Bei der Flächenvergabe muss ein wettbewerbliches und diskriminierungsfreies Verfahren sichergestellt werden (vgl. Teil 2 des Beitrags). Marktbeherrschende Flächenanbieter müssen insbesondere darauf achten, wie sie die Entgelte und Nutzungsbedingungen gegenüber den nachfragenden CPOs ausgestalten. Auch hier ist zu beachten, dass dies nicht nur für private Unternehmen gilt, sondern auch für die öffentliche Hand, soweit sie nicht ausschließlich hoheitlich tätig wird.

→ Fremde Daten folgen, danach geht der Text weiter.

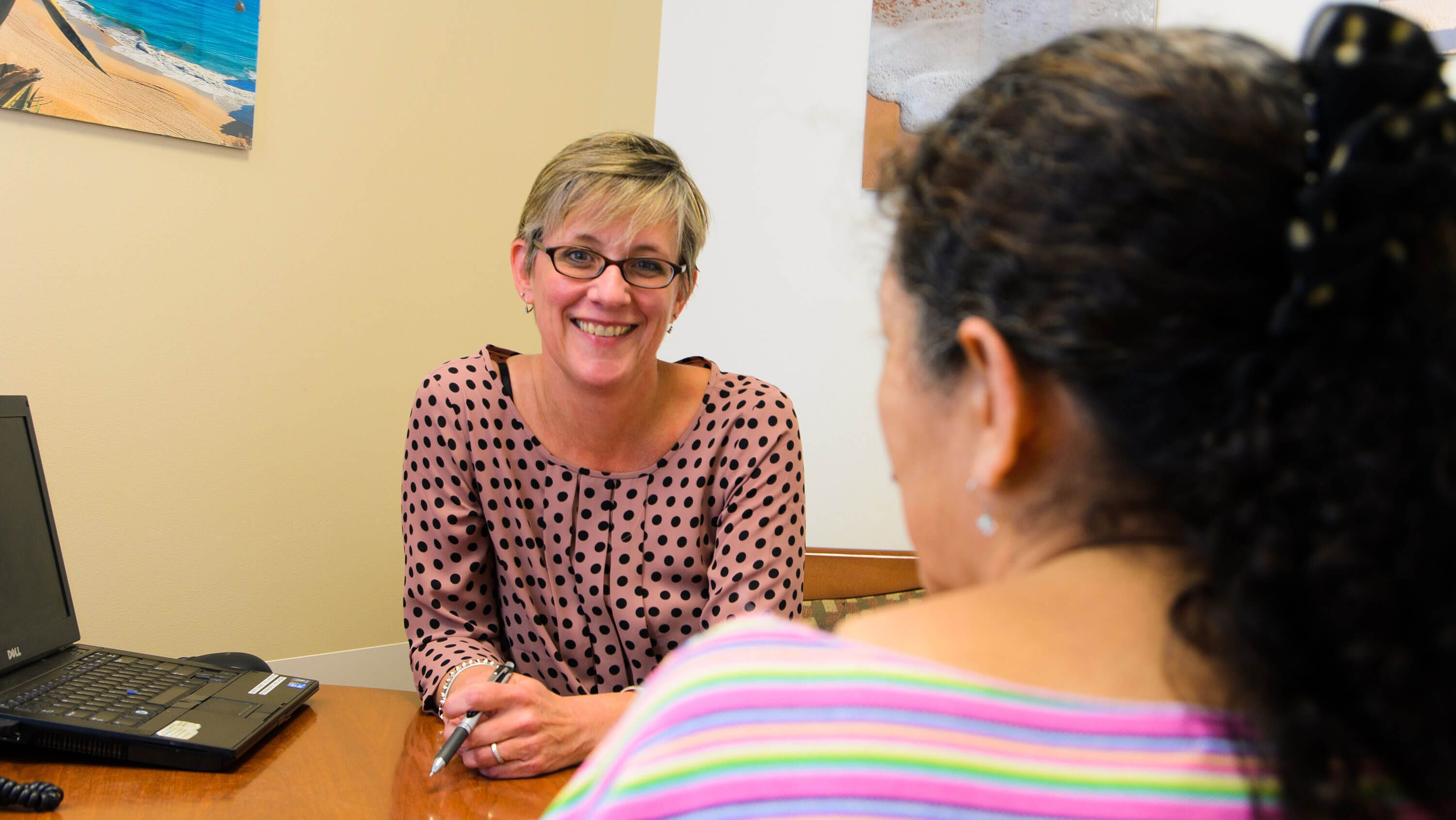A mental health counselor speaking to a client seated across the table from her.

Auf der Ebene des Vertriebs kann die kartellrechtliche Missbrauchsaufsicht in zweierlei Hinsicht zu beachten sein, wenn ein marktbeherrschender CPO auch als E-Mobility Provider (EMP) tätig wird. Gegenüber Endnutzern, die ihr Elektroauto unter Nutzung der Ladeinfrastruktur des marktbeherrschenden CPO laden, dürfen z.B. keine missbräuchlich überhöhten Entgelte für den Bezug des Ladestroms verlangt werden. Gegenüber anderen EMPs darf ein solcher marktbeherrschender und vertikal integrierter CPO z.B. einem anderen EMP den Zugang zu seiner Ladeinfrastruktur nicht zu derart hohen Preisen gewähren, dass es für diesen unrentabel ist, mit dem EMP‑Angebot des marktbeherrschenden CPO in Wettbewerb zu treten. Dies gilt auch für relativ marktmächtige CPOs, von denen andere EMP als Anbieter oder Nachfrager nach einer gewerblichen Leistung, hier dem Zugang zur Ladeinfrastruktur, abhängig sind.
Fazit
Für die Beteiligten beim Ausbau und Betrieb von öffentlich zugänglicher Ladeinfrastruktur sind auf allen Wertschöpfungsstufen die kartellrechtlichen Vorgaben der Fusionskontrolle, des Kartellverbots und der Missbrauchsaufsicht zu beachten. Relevant wird dies etwa bei der Preisgestaltung, der Vereinbarung von Exklusivitäten oder langen Laufzeiten oder der unterschiedlichen Behandlung der nachgelagerten Akteure. Im Hinblick darauf, dass das Bundeskartellamt die Marktentwicklungen genau beobachten wird, sind Unternehmen gut beraten, die kartellrechtlichen Rahmenbedingungen zu berücksichtigen.